A Tangled Web: Origins of Reproductive Parasitism

While typically a flea parasite and opportunistic human pathogen, the presence of Rickettsia felis (strain LSU-Lb) in the non-blood-feeding, parthenogenetically reproducing booklouse, Liposcelis bostrychophila, provides a system to ascertain factors governing not only host transitions but also obligate reproductive parasitism (RP). Analysis of plasmid pLbAR, unique to R. felis str. LSU-Lb, revealed a toxin–antitoxin module with similar features to prophage-encoded toxin–antitoxin modules utilized by parasitic Wolbachia strains to induce another form of RP, cytoplasmic incompatibility, in their arthropod hosts.
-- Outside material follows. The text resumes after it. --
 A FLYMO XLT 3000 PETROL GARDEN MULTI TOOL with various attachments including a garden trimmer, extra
Curiously, multiple deubiquitinase and nuclease domains of the large (3,841 aa) pLbAR toxin, as well the entire antitoxin, facilitated the detection of an assortment of related proteins from diverse intracellular bacteria, including other reproductive parasites. Our description of these remarkable components of the intracellular mobilome, including their presence in certain arthropod genomes, lends insight on the evolution of RP, while invigorating research on parasite-mediated biocontrol of arthropod-borne viral and bacterial pathogens.
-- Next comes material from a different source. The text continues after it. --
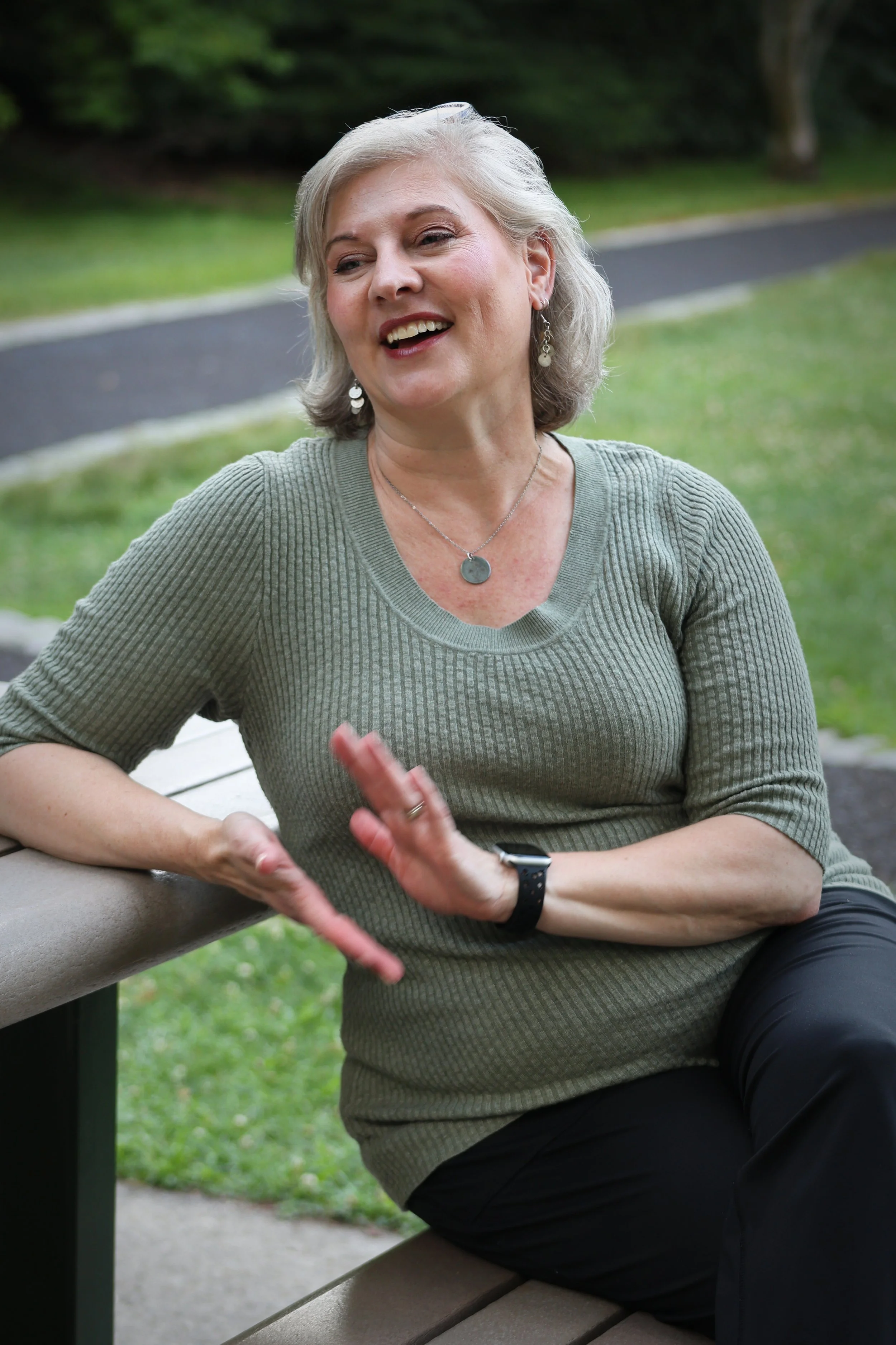 A woman with a friendly expression sitting outdoors by a bench on a grassy area, wearing a green sweater, earrings, a necklace, and a smartwatch, with trees and a pathway in the background.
Maternally transmitted non-bacterial male killer in Drosophila biauraria

A maternally inherited, all-female trait is widely found among arthropods, which is caused by bacterial endosymbionts such as Wolbachia, Rickettsia, Spiroplasma and Cardinium We discovered a single female of Drosophila biauraria, collected from Tomakomai, Hokkaido, Japan, that produced all-female offspring. This all-female trait was maternally inherited in the iso-female line (SP12F) by backcrossing with males of a normal line (SP11-20) with a 1 : 1 sex ratio derived from the same population. The all-female trait was not affected by tetracycline treatment performed for two consecutive generations. However, the microinjection of filter-sterilized homogenate of SP12F females into SP11-20 females established all-female matrilines. Our data suggest the role of transmissible agents, most likely viruses, but not bacteria or protists, as the possible cause of the all-female phenotype, which is likely to be achieved by killing of male embryos because egg hatch rates of SP12F were nearly half those of SP11-20. This is the first report in Diptera to demonstrate a maternally inherited virus-like element as the cause of the male-killing phenotype in D. biauraria.